▸ Exercise
Restate the data below word for word, omitting pictures.

▸ Data extract
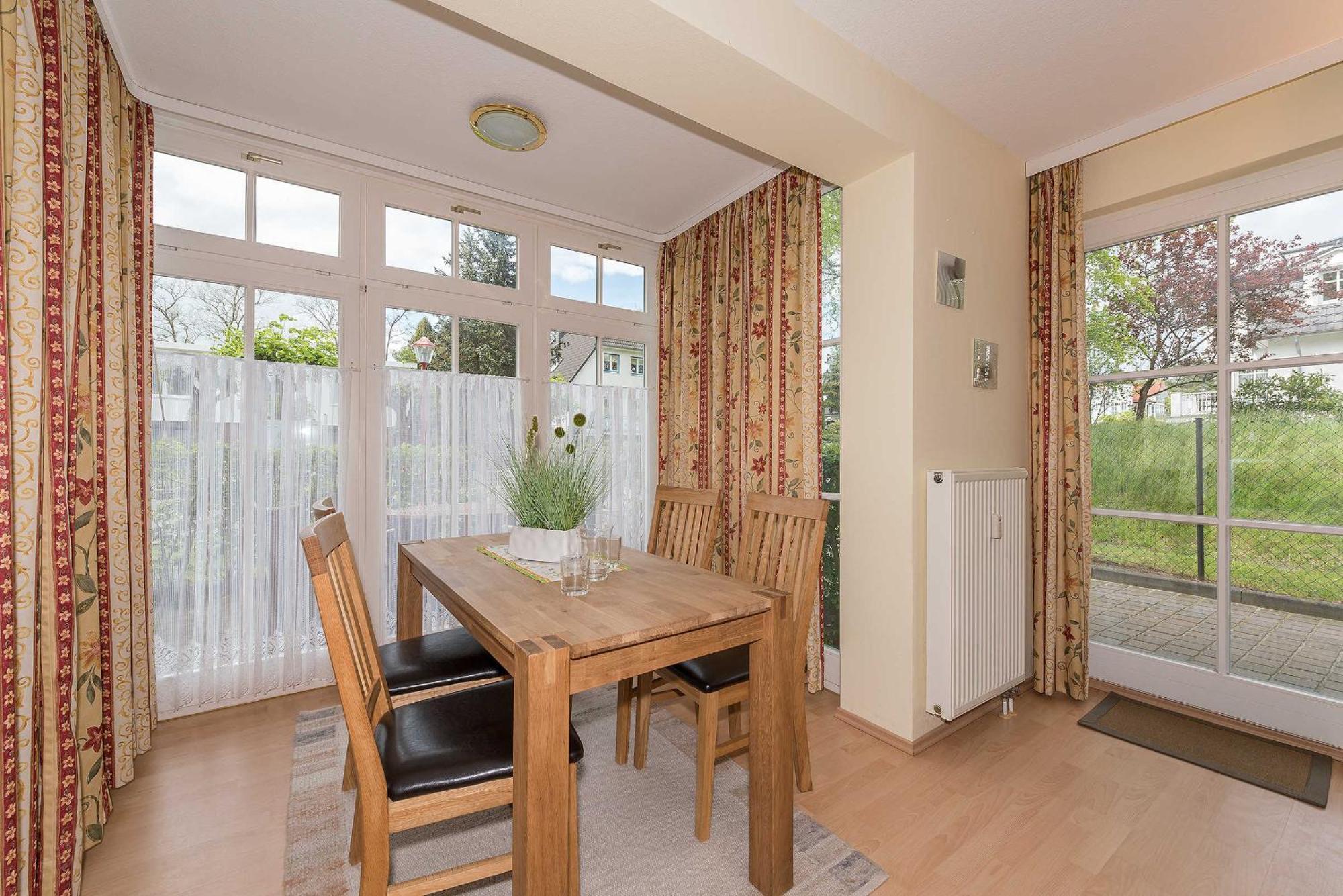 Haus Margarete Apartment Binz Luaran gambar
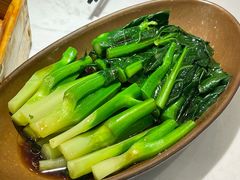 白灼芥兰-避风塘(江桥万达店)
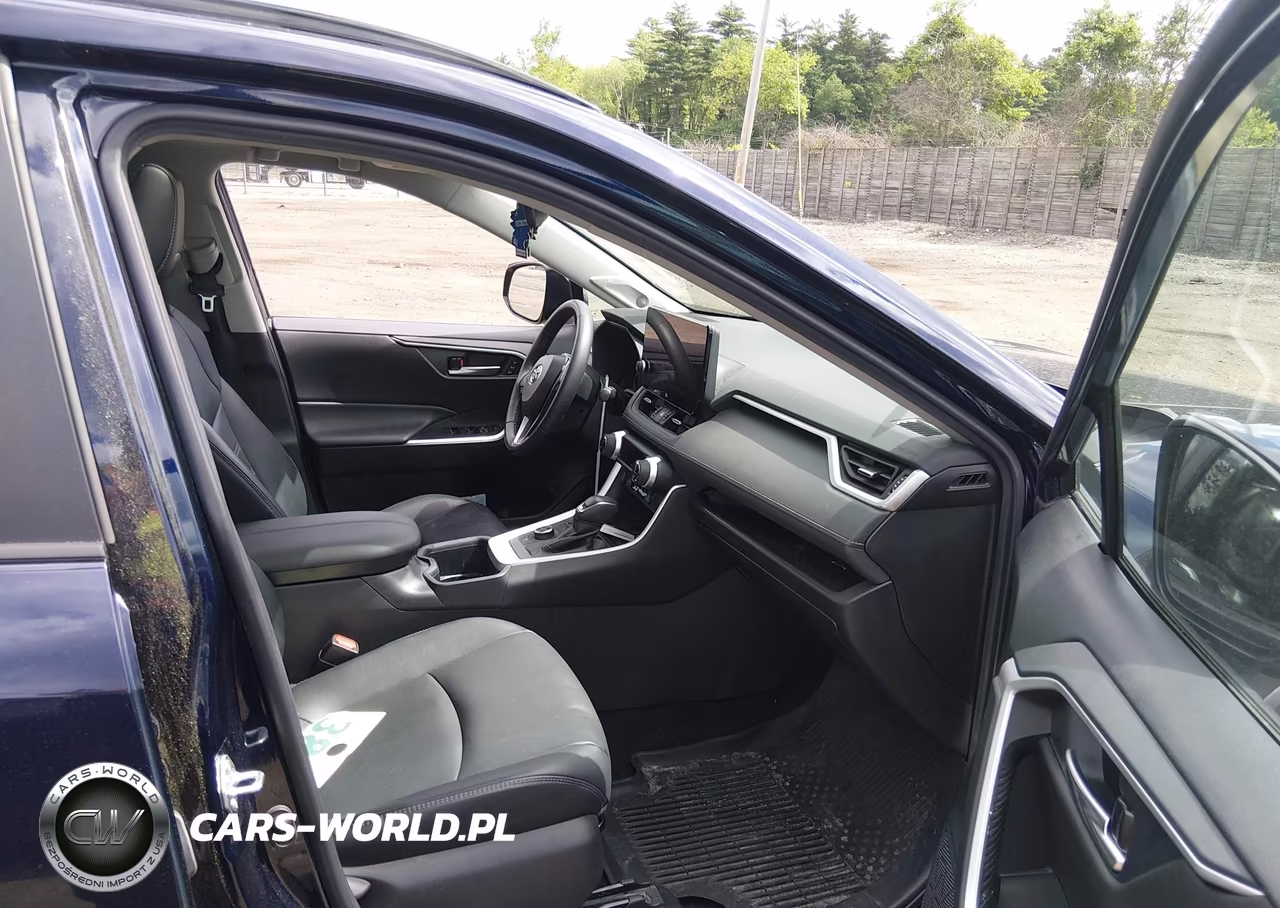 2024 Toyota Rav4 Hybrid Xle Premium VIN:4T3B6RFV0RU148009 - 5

▸ Exercise answer
 Haus Margarete Apartment Binz Luaran gambar
 白灼芥兰-避风塘(江桥万达店)
 2024 Toyota Rav4 Hybrid Xle Premium VIN:4T3B6RFV0RU148009 - 5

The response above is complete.